Original date of publication:

My edition: 2010 (Harper)

Why I decided to read: Saw it in a bookshop in London

How I acquired my copy: LTER, October 2010

I’m reading historical fiction less and less lately, but when I found out about this one, I thought I’d give it a try, since I’ve enjoyed three of Christie Dickason’s other novels. In this one, she remains in the seventeenth century, focusing on the life of Elizabeth, the daughter of James I. She and her brother were widely popular, so much so that their father tried to keep them away from the public as much as possible. This novel focuses on Elizabeth’s early life, primarily with the arrangement of her marriage and all that that entails.

Christie Dickason is a good writer, but there were some points in the novel where I found myself rolling my eyes. Elizabeth is a royal daughter, but in this book the author has her dressing in men’s clothing and running off to brothels in Southwark. And nobody would have noticed this? Elizabeth’s friendship with Tallie is interesting, but Elizabeth’s attitude towards the musician is a little too PC to be believable. In fact, in many places, Elizabeth has a modern-day sensibility, especially when it comes to her impending marriage—which she would have been brought up to expect. I never truly “bought” her as a living, breathing seventeenth-century person. I just didn’t care for her in the end.

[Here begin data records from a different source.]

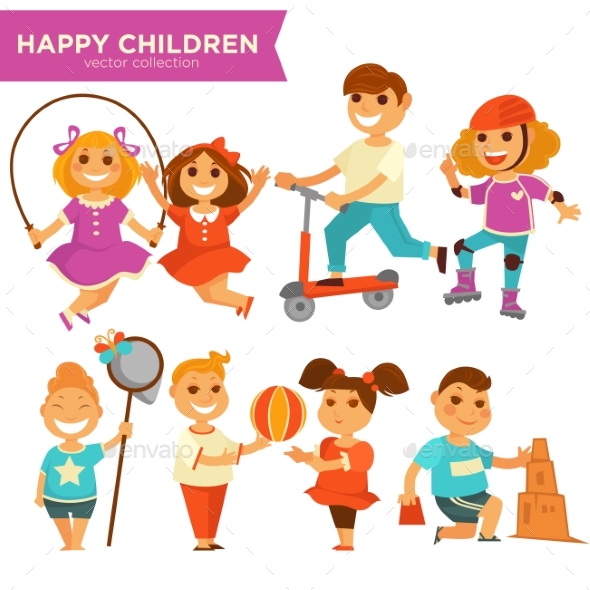 Happy Children Playing Outdoor Games Vector Icons - Landscapes Nature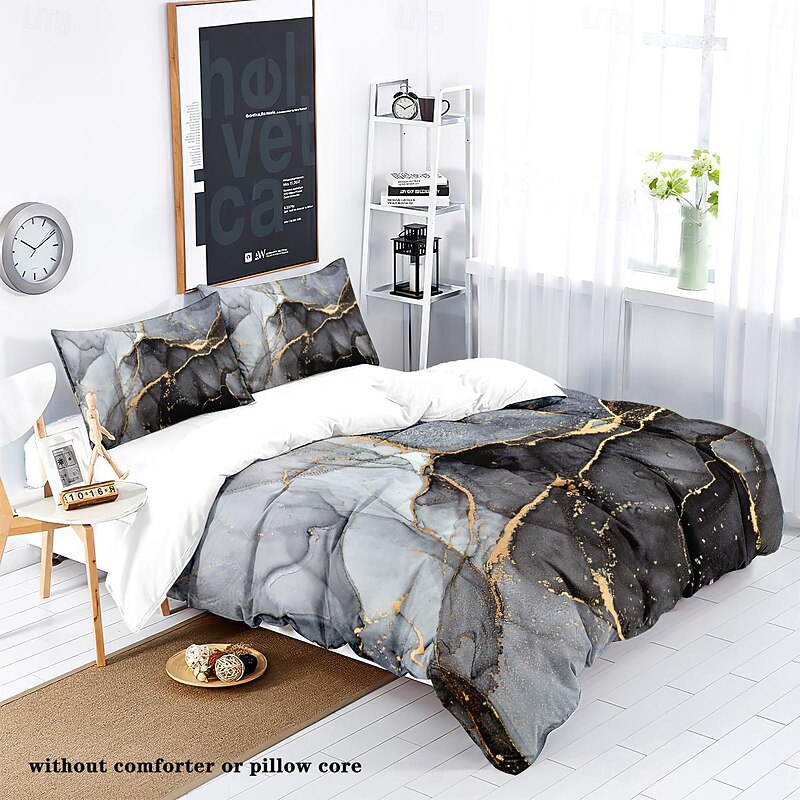 Nordic Marble Abstract Watercolor Pattern 3-Piece Down Duvet Cover Set for Hotels Bedrooms Guest Rooms and Hotels Comfortable Bedding Set2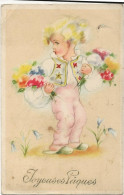 425 - Fillette - Fleurs -   Joyeuses Pâques - Kinder-Zeichnungen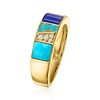 Ross-Simons Turquoise, Lapis and 0.20 ct. t.w. White Topaz Ring in 18kt Gold Over Sterling - 3 of 4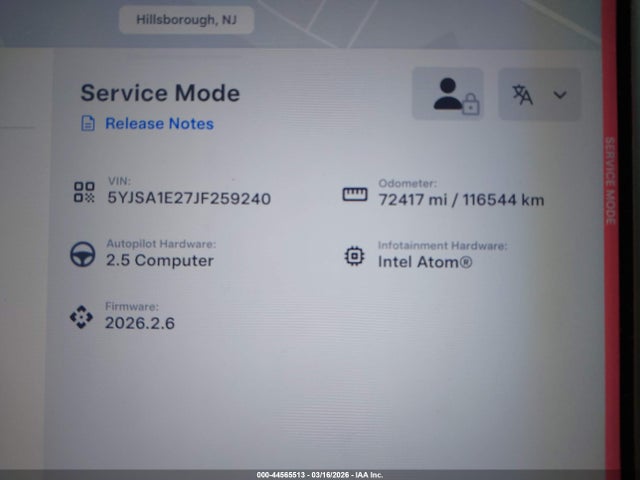 44565513 :رقم المزاد ، 5YJSA1E27JF259240 vin ، 2018 Tesla Model S 100d/75d/p100d مزاد بيع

I love the historical details that the author uses throughout, since she really knows the period she’s writing about. However, there’s way too much detail on clothing. Also, James I comes across as a drunken buffoon, which turns him into a one-dimensional character at times. There’s a lot of name-dropping in this novel, but none of it really added to the plot. For example, the author gives her reader a full biography of Arbella Stuart, but her story adds nothing to the main plot. The novel moves at a very swift pace, but there were other chapters that were written from the point of view of another major character, which distracted from the overall flow of the book.